From virtual to real: sex for everyone

Types of Virtual Sex

There are many types of virtual sex that individuals can participate in. While some use common technologies, others may use more obscure methods to sexually arouse others or themselves. Here are just a few of the many types of methods for engaging in virtual sex.
Internet Chat – Many people started using AOL specifically to chat with others in hopes of meeting a friend or even a virtual sex partner. As opposed to Internet chat rooms, which offer a group of people the ability to communicate with everyone at once, private chat rooms allow two or more persons to communicate
only with each other. Individuals using these private chat rooms can send sexually explicit chat messages to flirt with and arouse others. Besides chat rooms, standard IM (instant messaging) is also used for virtual sex.
Phone Sex – Phone sex is another common way to engage in virtual sex. While many individuals have engaged in phone sex with a spouse or girl/boyfriend, others use fee-based phone sex services to flirt and engage in sexual conversation. Phone sex is perhaps the most popular method of engaging in virtual sex.
Webcam – Web cameras are more than just a way to talk with parents or friends from college. They are also one of the most popular ways to participate in virtual sex. Using a webcam, users can become aroused from visual stimuli, audio stimuli, and even communicate through text on a computer screen. Webcams are extremely affordable and use the Internet to communicate. There are even pay webcam sites that allow users to interact with others via webcam. Webcams are extremely popular and many individuals have set up a webcam in their home to stream images of their daily habits, including their sex life. Anyone can log on and view the streaming images. With the advent of YouTube, many individuals have recorded sexually explicit video with their webcam and uploaded it for anyone to view.

Viewpoint 1: Virtual Sex Is Real Sex

Those who answer yes to the question point out that people have very "real" responses to things that happen online, and that sex is no different.

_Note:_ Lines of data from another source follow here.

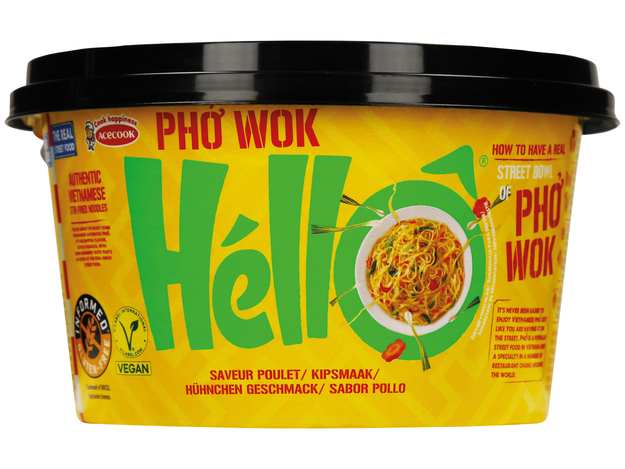 Nouilles instantanées Pho Wok Poulet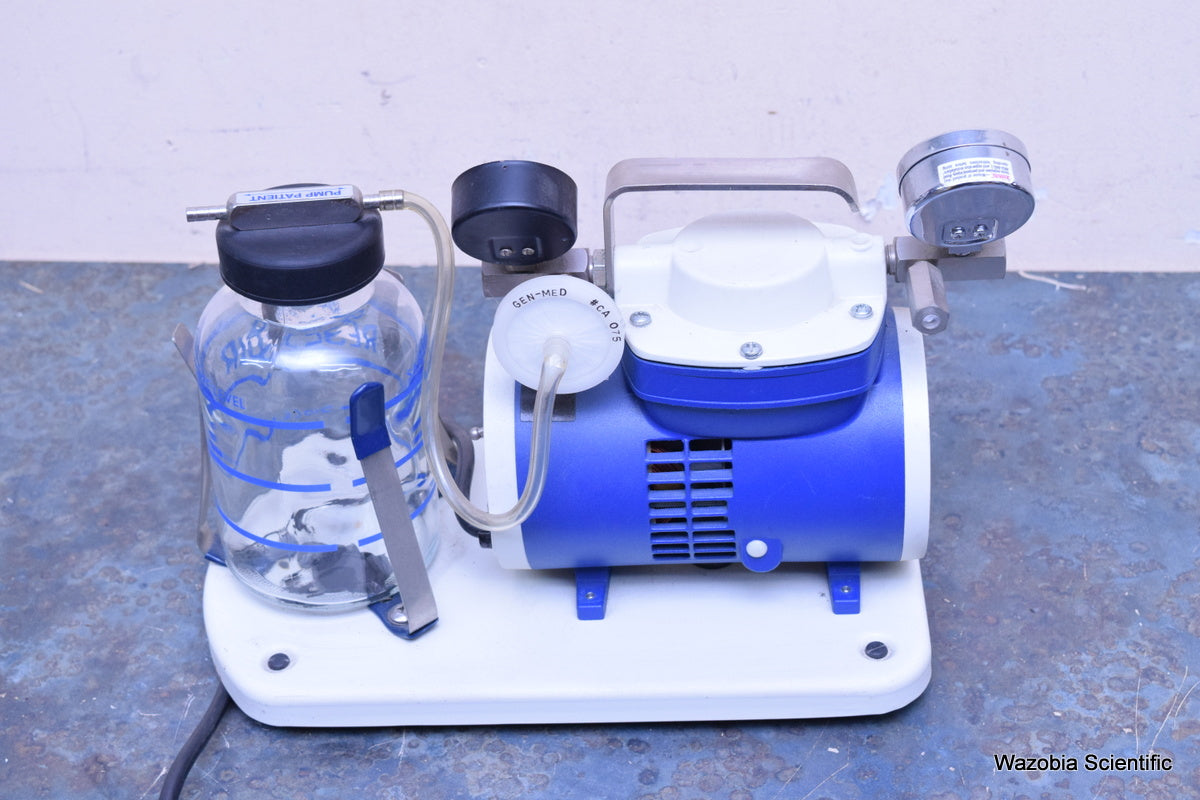 GEN-MED COMPRESSOR ASPIRATOR MODEL CA ASPIRATION VACUUM PUMP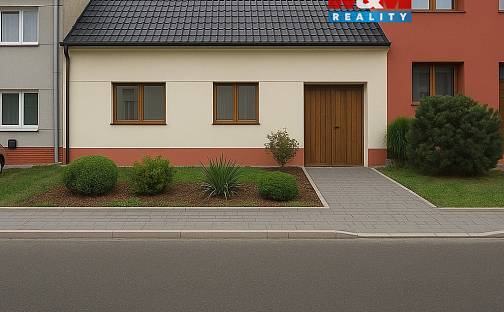 Prodej domu 86 m² s pozemkem 811 m², Za kostelem, Ostrožská Nová Ves, okres Uherské Hradiště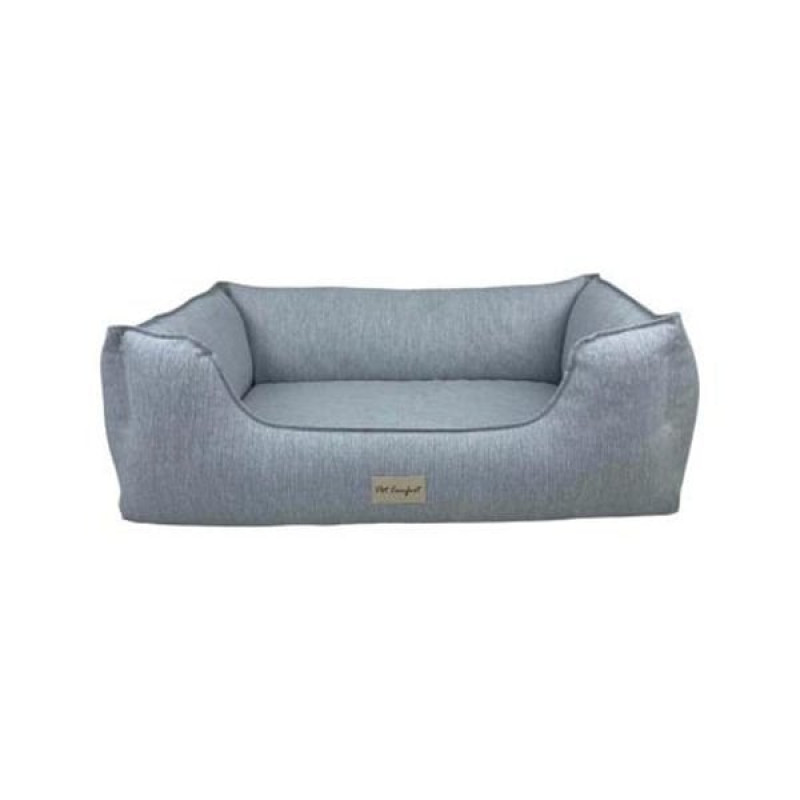 Pet Comfort L Alpha Zeugma Açık Gri 85x105 Cm | İç Mekan Köpek Yatağı Pet Comfort L Alpha Zeugma Açık Gri 85x105 Cm | İç Mekan Köpek Yatağı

We can feel joy and sorrow, arousal and disgust, anxiety and calm all while we sit in front of our computer. We also have physical responses (from butterflies in our stomach to physical arousal and orgasm and from full belly laughs to uncontrollable sobbing). We build meaningful relationships and break ups -- and these experiences have repercussions in our real life, thus crossing the line from virtual to real. So if "real sex" includes a psychological, emotional, and physical response to erotic stimulation, then virtual sex would have to count.
For those who argue that real sex requires a human connection or relationship, this too is present for many people who engage in virtual sex as part of their experiences online.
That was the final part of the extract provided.